But the rationale for better transportation and infrastructure is not limited
to ease of use or to economic productivity. We need to control greenhouse gas
emissions or risk paying a price in terms so dear as to be incalculable.
According to a Bay Area Air Quality Board 2007 study of sources of
greenhouse gases in the San Francisco Bay Area, carbon dioxide is 91% of all
greenhouse gas emissions produced in a year. Transportation (passenger and
commercial) represents the largest source of those emissions – 41%. Clearly,
improved transportation is an essential component to successfully addressing
the challenges of climate change in the years ahead.

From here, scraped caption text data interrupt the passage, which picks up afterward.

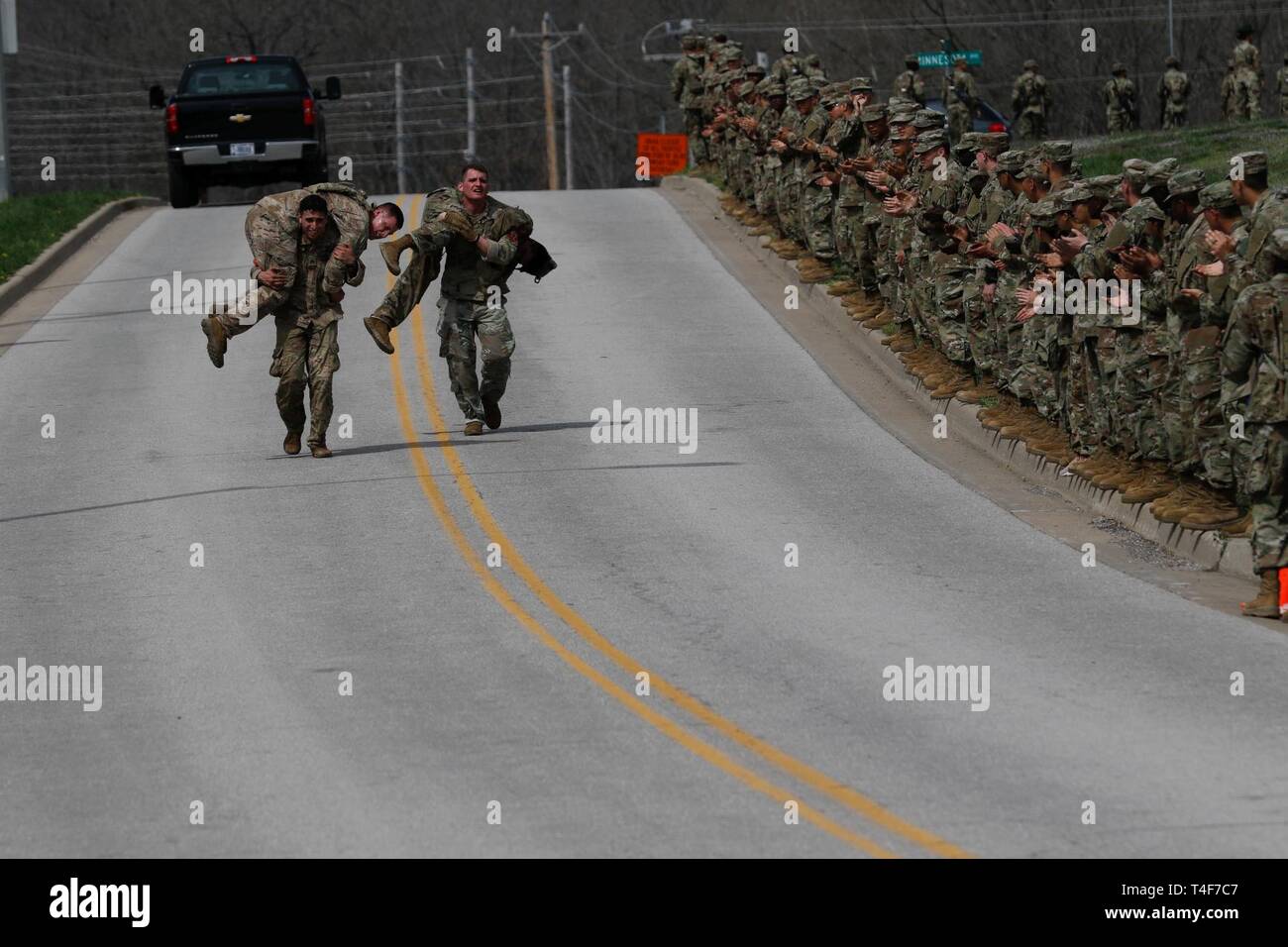 U.S. Army Sappers carry their teammates during the 13th Annual Lt. Gen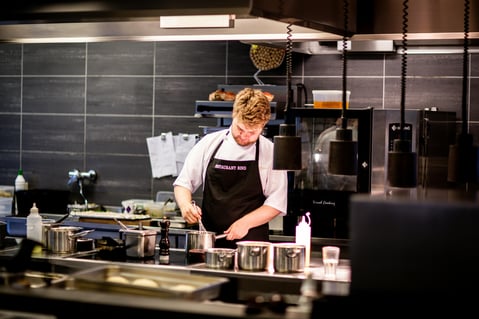 a chef in a kitchen preparing a meal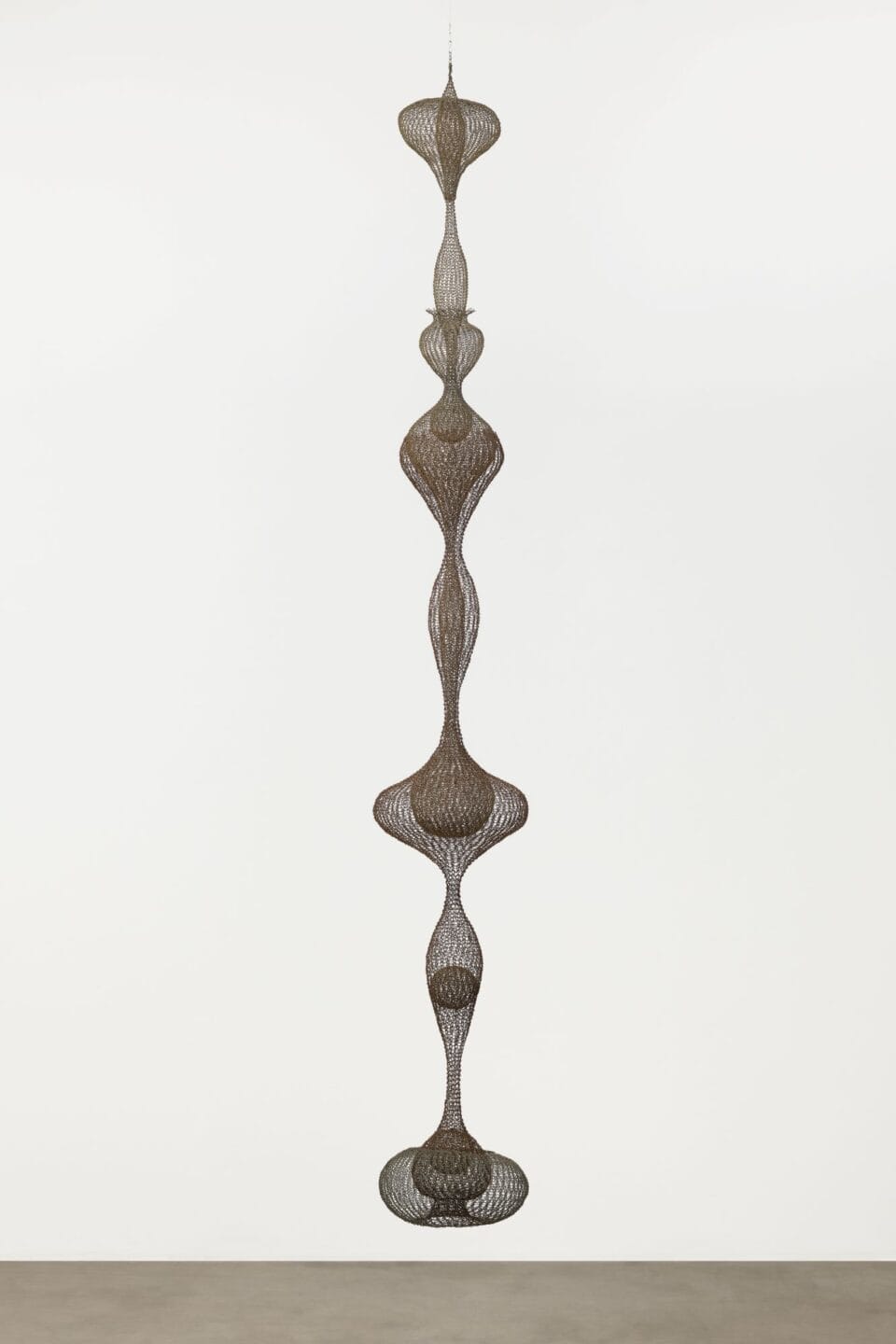 a long, hanging wiry bulbous sculpture by Ruth Asawa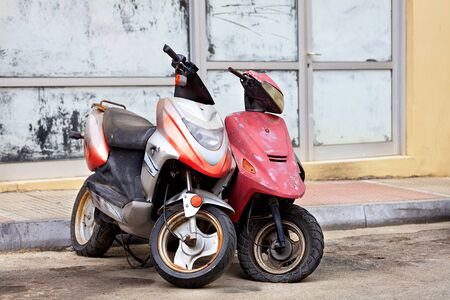 Two old worn scooters, red and silver, stand alone on the side of the road against the background of...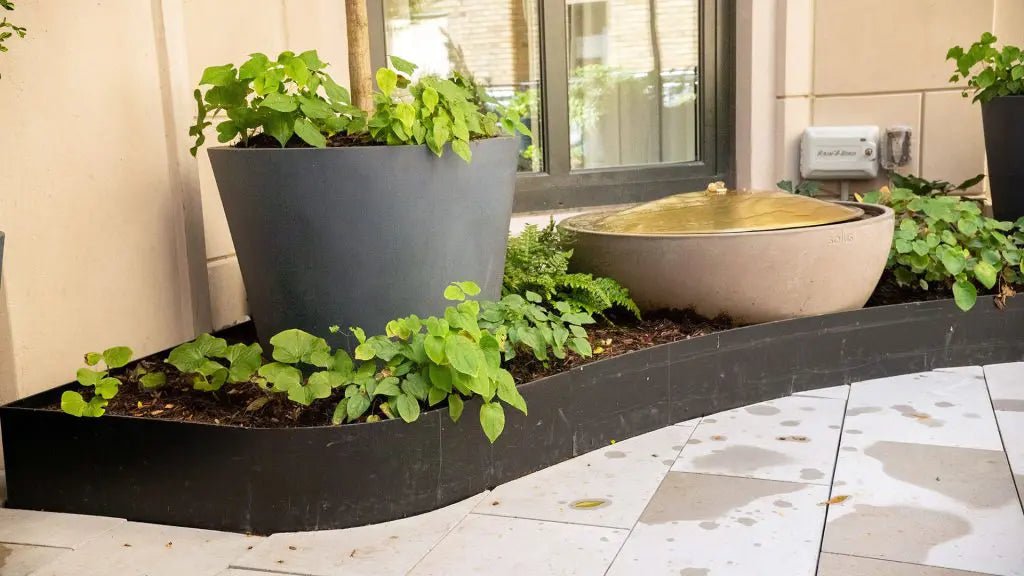 Go Metal: The Advantages and Disadvantages of Fiberglass Planters - Plantercraft
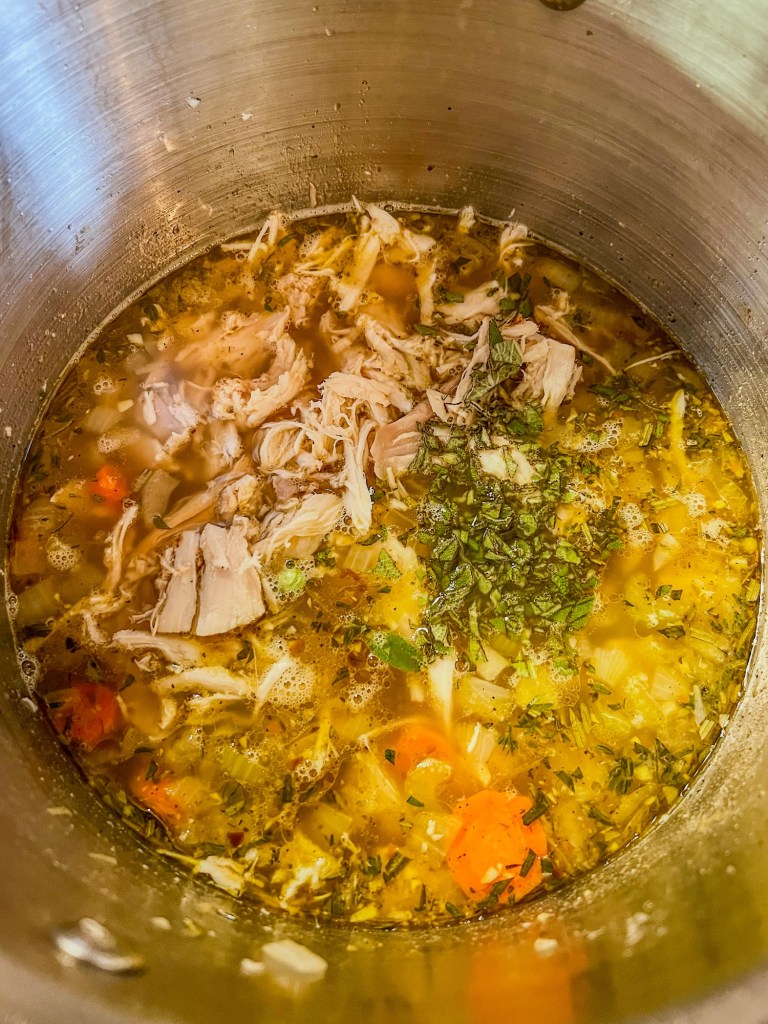 Turkey stew cooking in a large pot on the stove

In 2008, California’s voters approved the construction of a high speed rail
system linking the San Francisco Bay Area with the Central Valley and our
heavily urbanized south. Ultimately, the system may also link the state capital
with both the Bay Area and the south.
Congresswoman Speier supported the awarding of $2.25 billion in federal high
speed rail funding to California, and she joined with her colleagues throughout
the Bay Area in insisting that our region receive its fair share of that money
through the High Speed Rail Authority. The service is needed to avoid a massive
strain on our state’s major airports and roadways over the next several
decades, and to relieve commute-hour traffic as population growth continues
apace with economic growth.
Serious questions have been raised about the business plan and ridership
estimates used by the High Speed Rail Authority (authority). The authority must
also renew its commitment to involve local communities in its planning. Ultimately,
the fate of this system will depend upon whether private capital is willing to
underwrite a portion of its construction costs in return for a chance to
operate the system, and upon whether court rulings find the environmental and
other required work are adequate. California needs high speed rail but it also
needs better leadership at the authority to ensure that this critical project
is completed in a reasonable amount of time and at a reasonable cost given its
100 year + contribution to the state’s quality of life.